I’m working this evening, despite it being a holiday. The Cop’s gone to work, so it’s not that bad. Just finished reading Technofutures for the literature review we’re doing at work. Let me tell you, dictating a book report is a hell of a lot easier than typing one. I was dreading the documentation all afternoon, procrastinating as best I could, but now that I’m dictating, well, it’s actually kind of fun. The author of Technofutures mentions that he dictated portions of the book using the same voice recognition software that I use. Very amusing to read that. I’d be tempted to buy stock in the VR company if the user interface were a little more sophisticated, a little more aesthetically appealing. It’s actually kind of retro, and I don’t mean that in a good way.


  1. I miss my speech recognition days. It was the most fun job I’ve ever had.

  2. Is there a lack of money/interest in that technology, Vanessa?
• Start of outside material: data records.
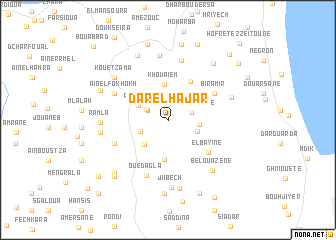 map of Dar el Hajar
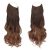 Ombre Medium Brown to Copper Auburn-Wavy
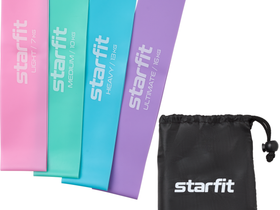 Мини-эспандеры ES-203, пастель, 4 шт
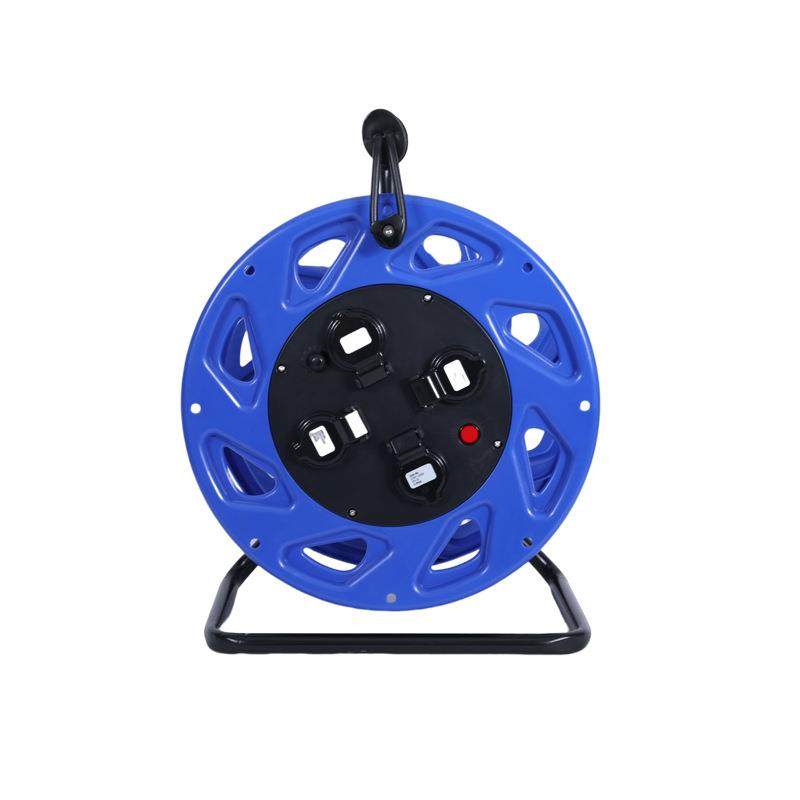 三角架电缆盘380220V型号P-CT移动电缆盘绕线盘卷线盘电缆卷盘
When I went looking for software, I didn’t find many companies producing it, and when I did get the stuff I’m now using, I was rather surprised at 1) how inexpensive it is, and 2) how clunky the interface is.

    I would have expected it to be expensive software with a slick interface (a sign to me that a particular technology is “hot”).

  3. Yes and no 🙂

    There are many different things you can do with automatic processing of speech that all fall under the umbrella name of “speech recognition”.
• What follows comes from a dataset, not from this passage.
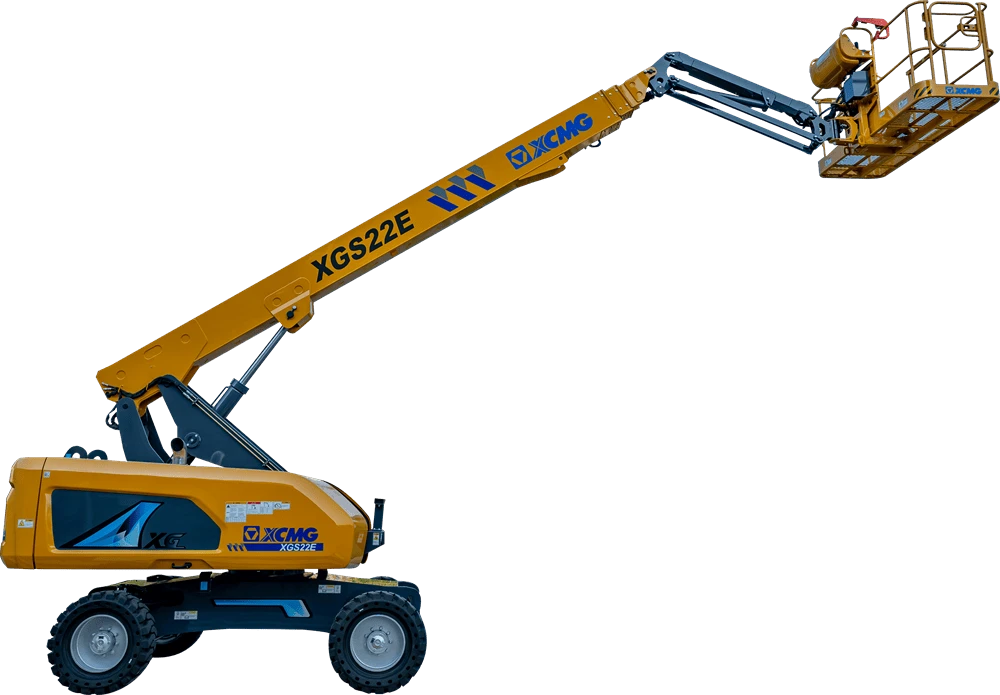 XCMG телескопический подъемник XGS22E(CE)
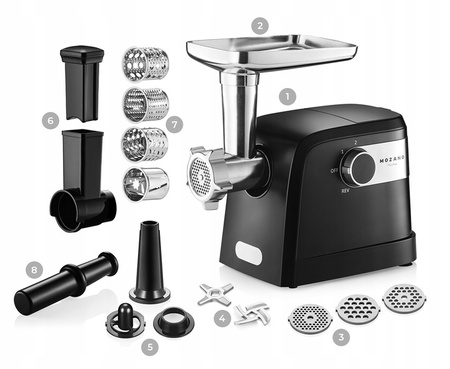 Maszynka do mielenia mięsa Mozano Smash Master 2600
    What you are using is dictation software. This field is NOT hot at all for several reasons:

    – people feel shy talking into a microphone
    – edition of the text that has been transcribed from your voice proves really difficult. What happens if you say “blah blah blah errrr no that was a mistake errr hold on, DELETE, yeah that’s right, blah blah blah and then he told her to delete the last paragraph, NO DON’T DO THAT”
    – people type fast these days so there isn’t a lot of need to dictate stuff anymore. Email has a lot of weight on this too.
    – if you have a cold, it won’t work
    – if there is background noise, it won’t work
    – if you yell or talk faster than usual, most likely it won’t work
    – you need to train the software, which a lot of people find tedious

    I never worked in the dictation systems fields, thank God.

    So what else can speech recognition be used for?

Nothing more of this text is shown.